The Taliban have appointed a minister for the promotion of ‘virtue’ and the prevention of ‘vice’, according to the list of the newly-announced cabinet for the Islamic Emirate of Afghanistan.
The Ministry of Women’s Affairs, a body under the previous Afghan government, was not included at all. And none of the cabinet members, mostly top Taliban members, included any women, Al Arabiya reported.
When the Taliban were in power during between 1996 and 2001, they had enforced an extreme hardline interpretation of Sharia.
Women were banned from leaving their homes without a male escort, and they also had to wear burqas, covering the body from head to toe.
Under the Taliban rule, there was gender segregation in most public locations, limits on which jobs women could hold, bans were in place on listening to music and watching television, and men were on occasion forced to grow their hair and beards, the report said.
The ministry for promotion of virtue and the prevention of vice was disbanded by then President Hamid Karzai after the US invaded Afghanistan in 2001, and was replaced by the Ministry of Hajj and Religious Affairs.

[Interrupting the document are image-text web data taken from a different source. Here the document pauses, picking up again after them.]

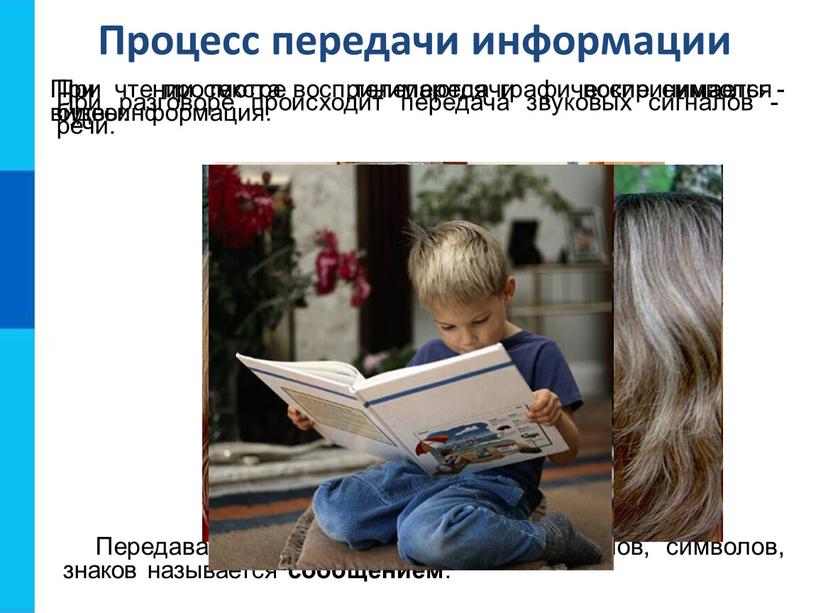 Процесс передачи информации При разговоре происходит передача звуковых сигналов - речи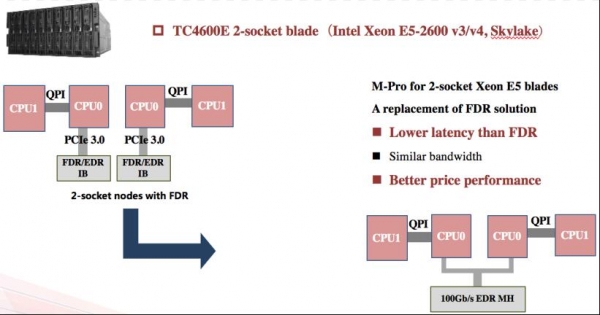 优秀的个人博客,低调大师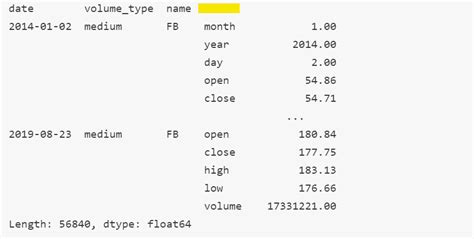 Image result for How to Index a Variable in Pandas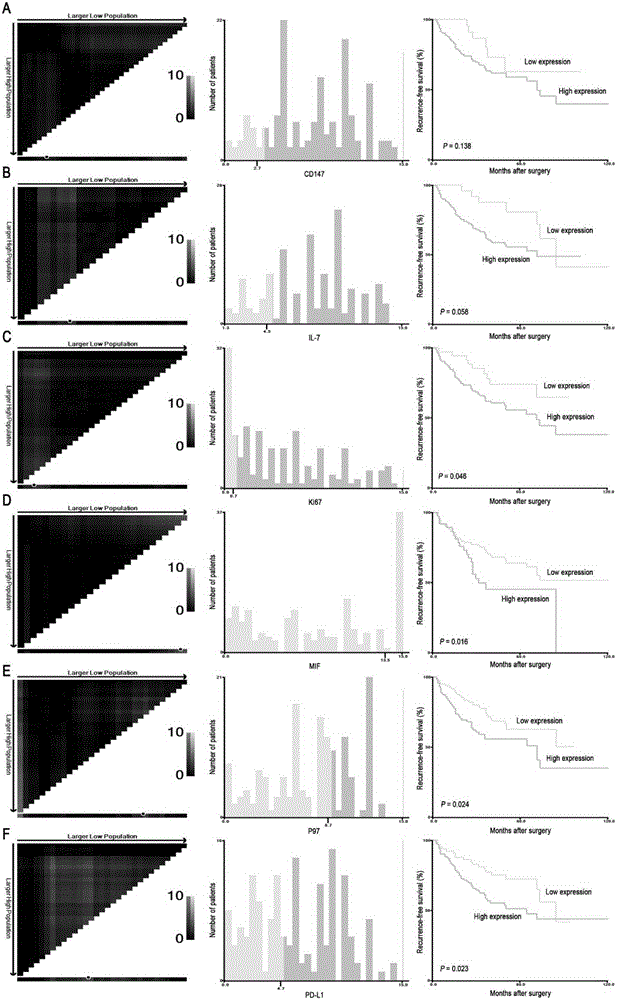 Combined diagnosis marker for predicting small hepatocellular carcinoma relapse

After the Taliban seized control of Afghanistan on August 15 this year, they launched a charm offensive to project a moderate image to the world, promising not to retaliate against employees of foreign governments and to protect the rights of women.
Activists and local journalists, however, say the reality on the ground is quite different, with many concerning reports of home searches and arrests of the very people the Taliban said they would not retaliate against, the report added.
Women activists and former female political leaders say that they expect to be treated as “second class” citizens at best.